Problem description – Pictures must be left out. Retype exactly the lines from the one containing "2015款 1.6L 自动 Premium" through the last line of the records below.

Available records –
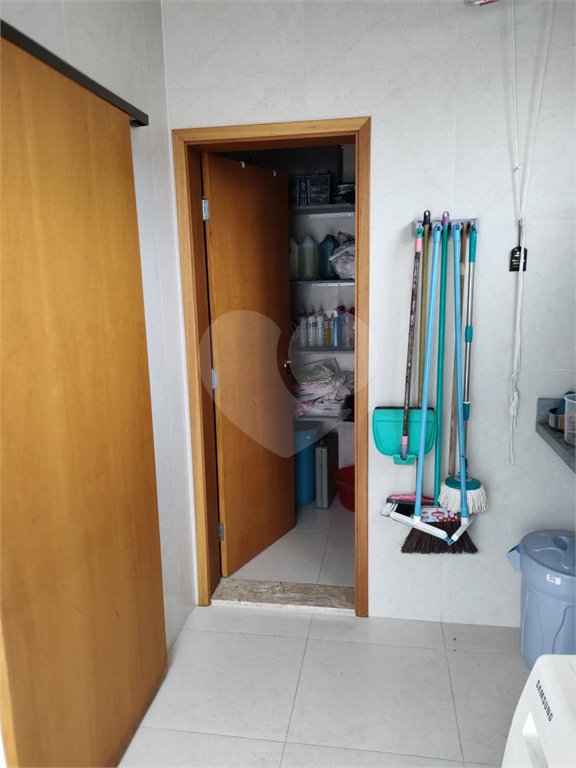 Casa à venda com 4 quartos, sendo 2 suítes, no condomínio Residencial Villaggio Paradiso, Itatiba - SP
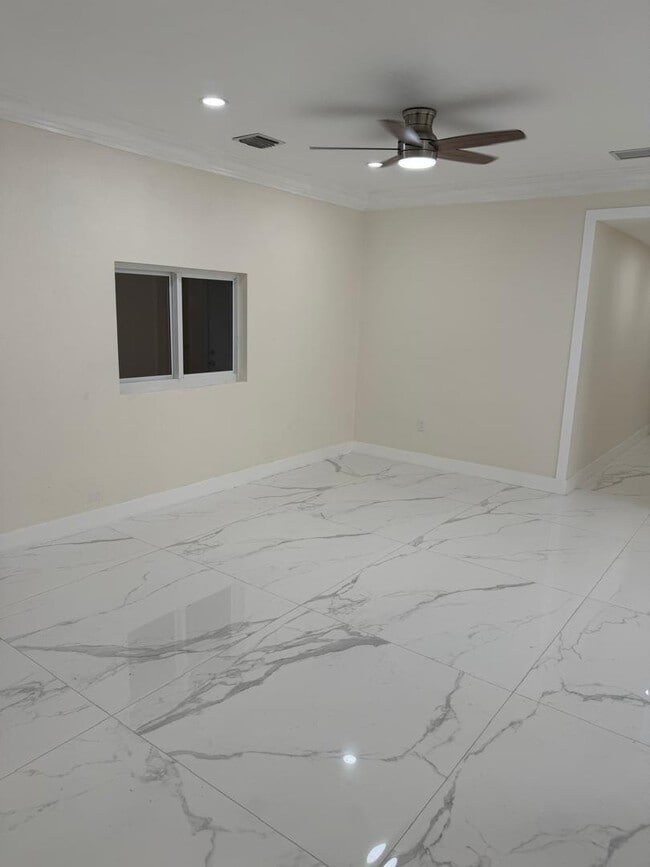 Building Photo - 6410 NW Miami Ct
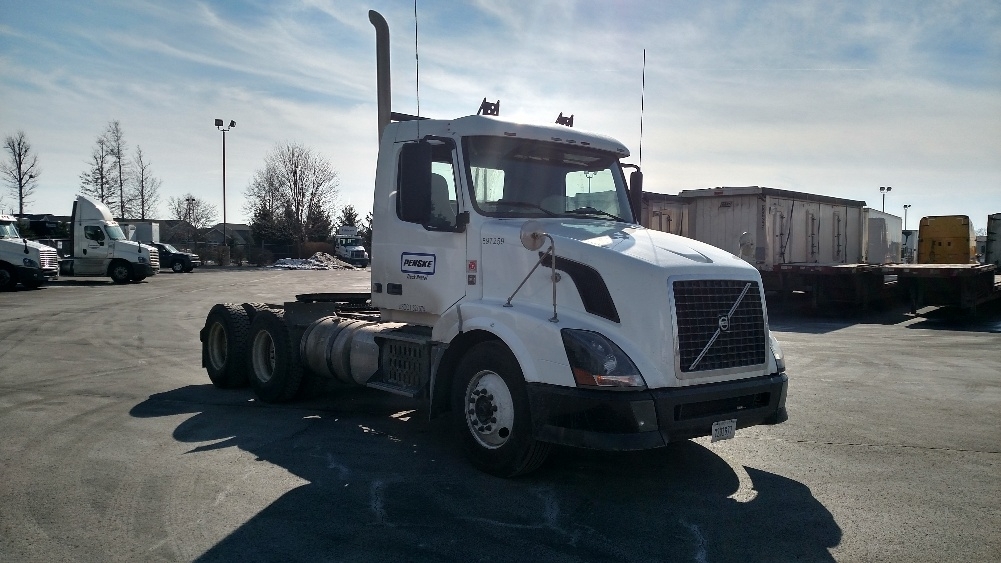 2011 Volvo Vnl64t300  Conventional - Day Cab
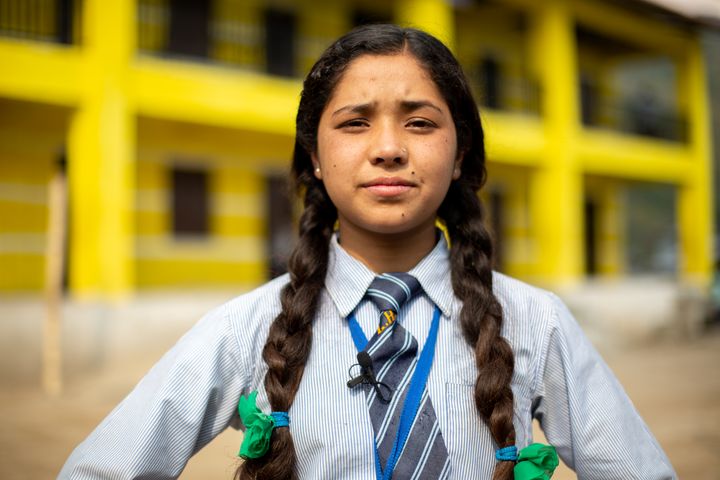 Världens Barn i 25 år. En av de som deltar i Världens Barns projekt är Anisha, 15 år och bor i Kalinchowk, ett litet samhälle som ligger utanför Nepals huvudstad Katmandu. Foto: Mani Karmacharya /Wateraid.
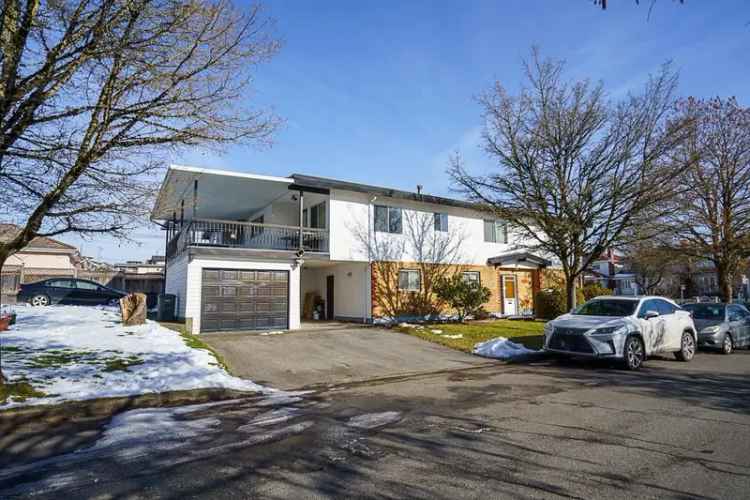 South Vancouver Family Home 6 Beds 4 Baths Large Lot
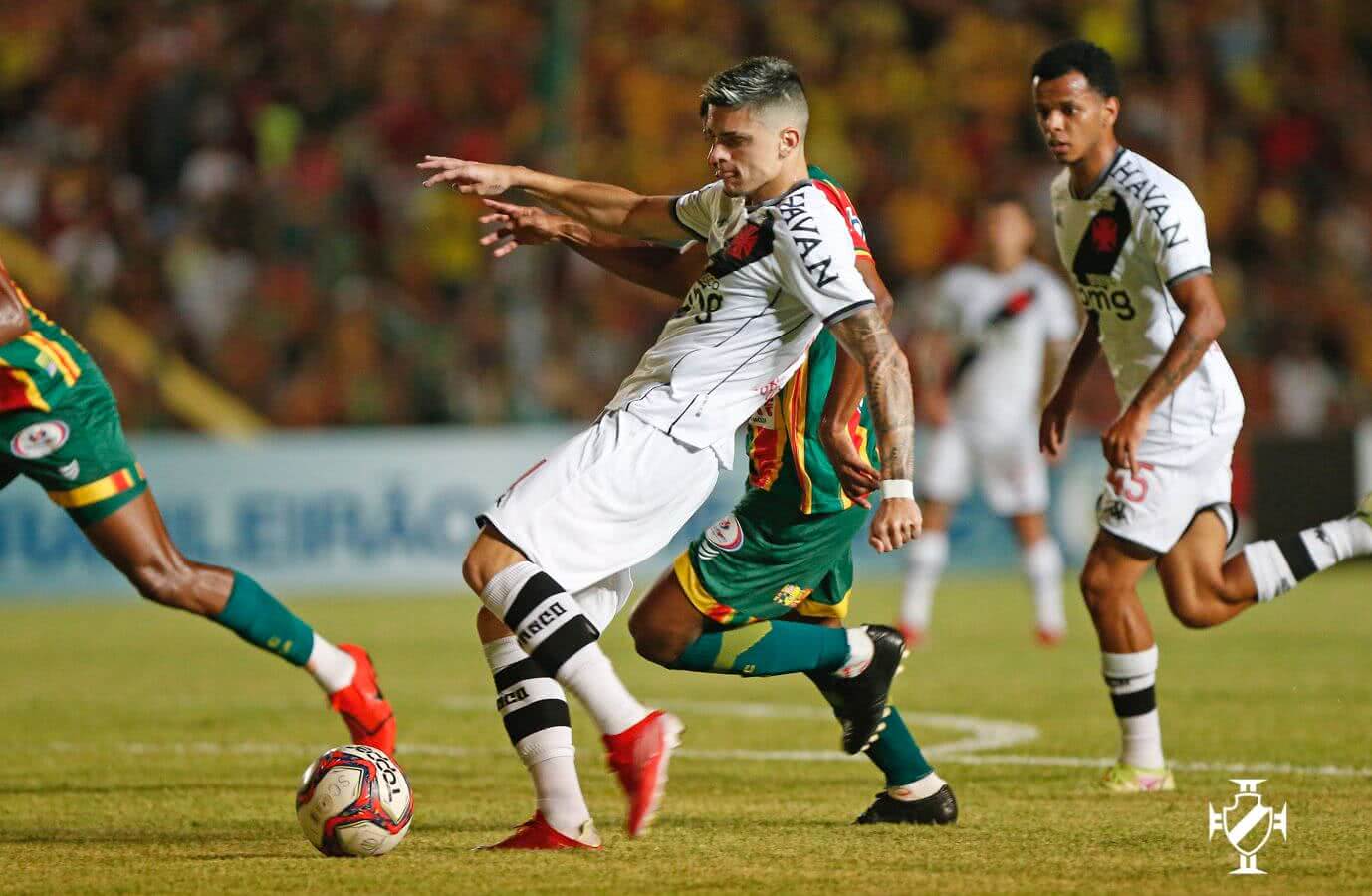 Gabriel Pec durante jogo contra o Sampaio Corrêa pela Série B 2021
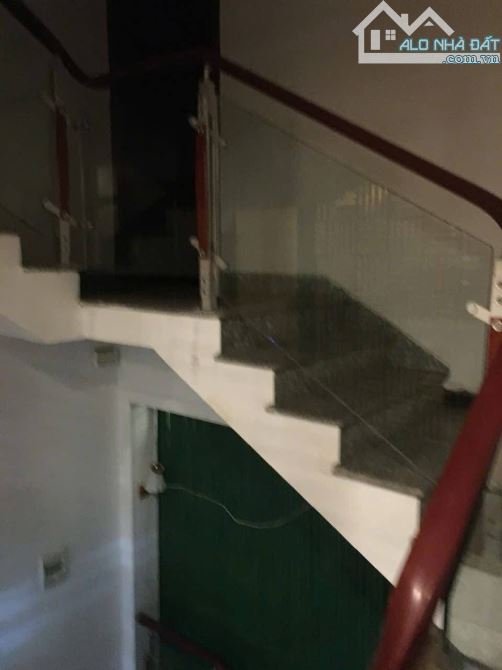 Bán nhà 4 tầng Nguyễn Bỉnh Khiêm, Đông Hải 2, Hải An 80m2, đường 39m, giá 6,2 tỷ - 2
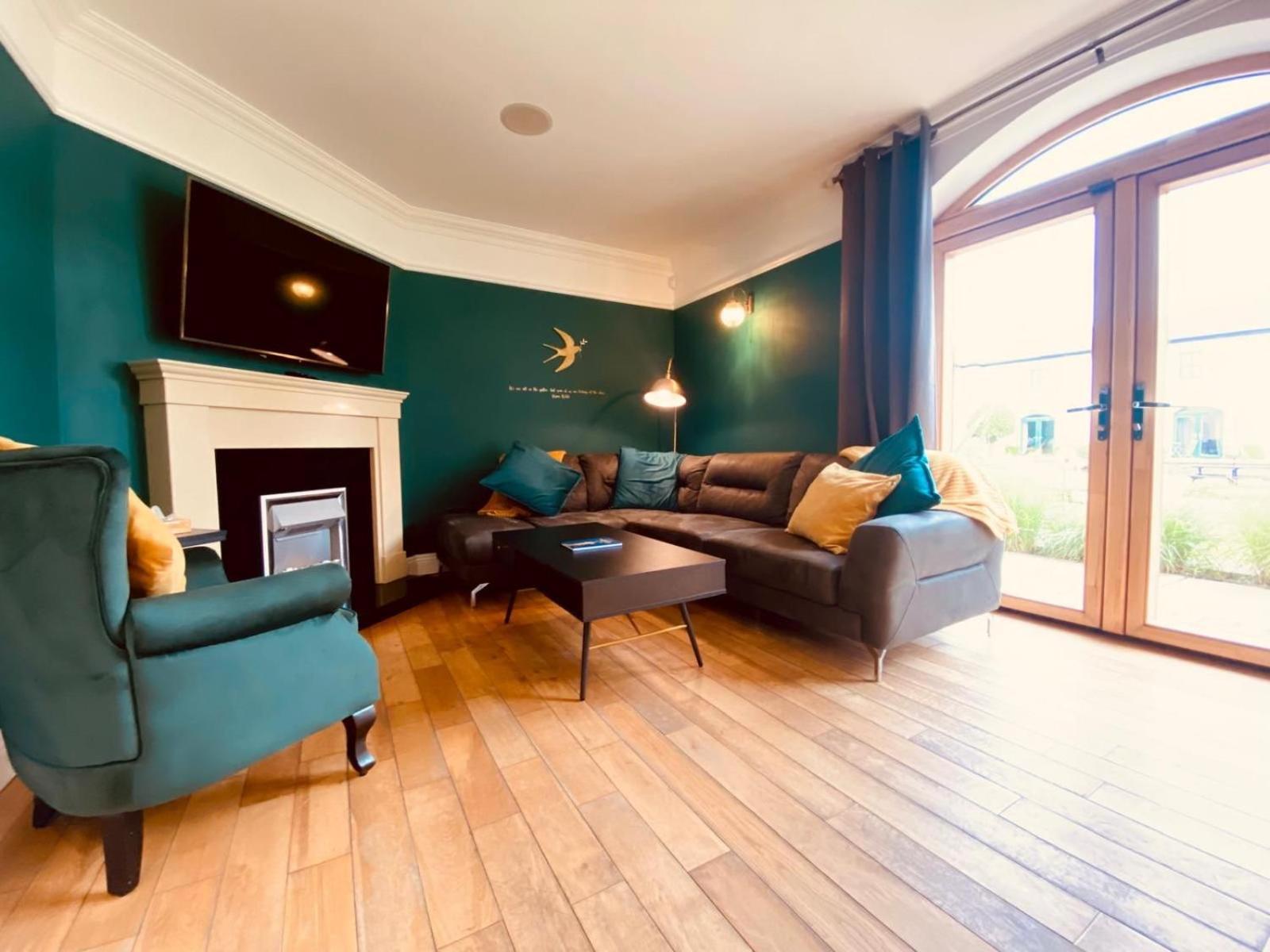 Escape Ordinary At Castle Hume Apartment Enniskillen Ngoại thất bức ảnh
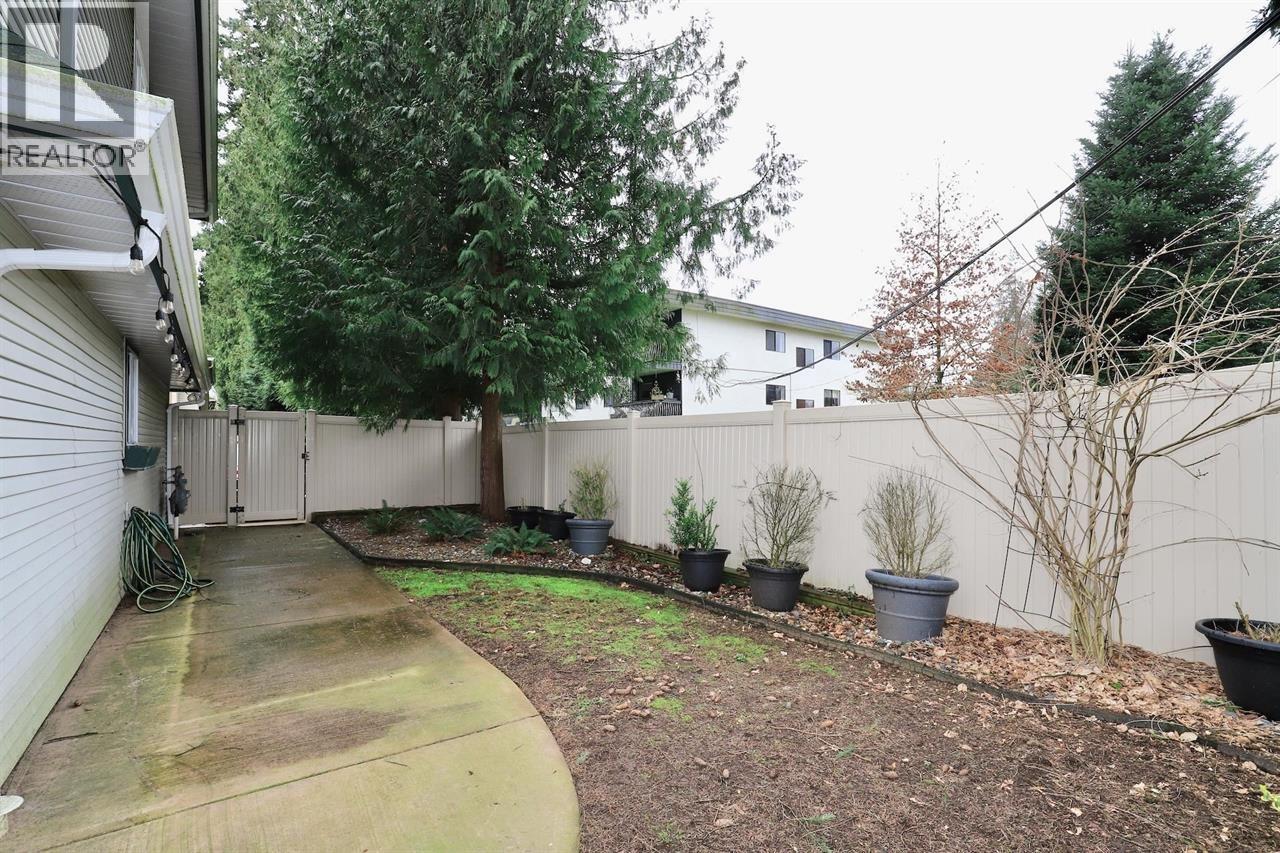 16 21409 Dewdney Trunk Road Property Photo 17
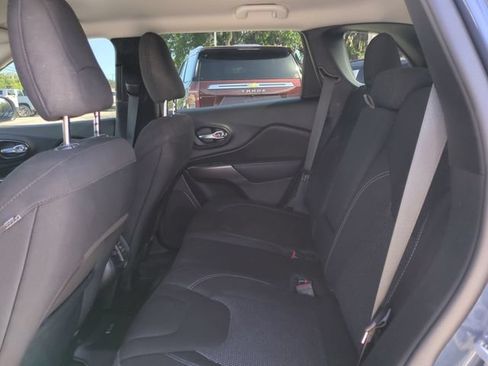 Used 2021 Jeep Cherokee Latitude FWD image 15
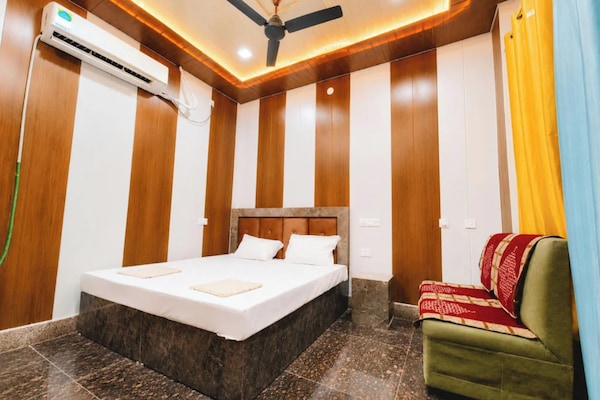 Deluxe Double Room, Air conditioning | Hypo-allergenic bedding, desk, soundproofing, free WiFi
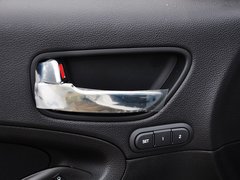 2015款 1.6L 自动 Premium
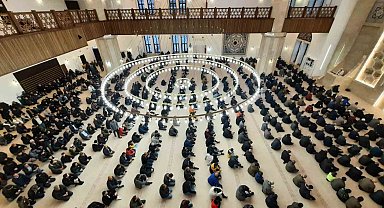 Kars'ta bayram namazında camiler doldu taştı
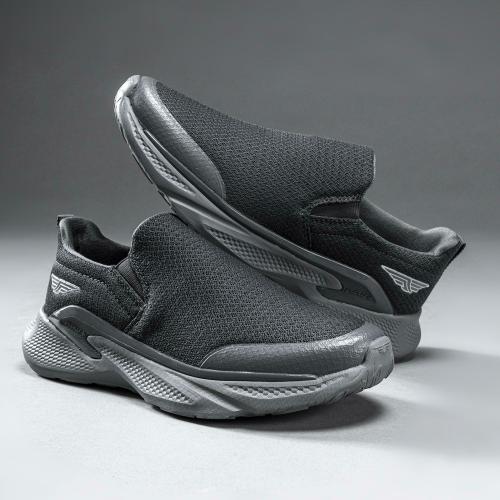 red tape new sports shoes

Solution to this exercise –
 2015款 1.6L 自动 Premium
 Kars'ta bayram namazında camiler doldu taştı
 red tape new sports shoes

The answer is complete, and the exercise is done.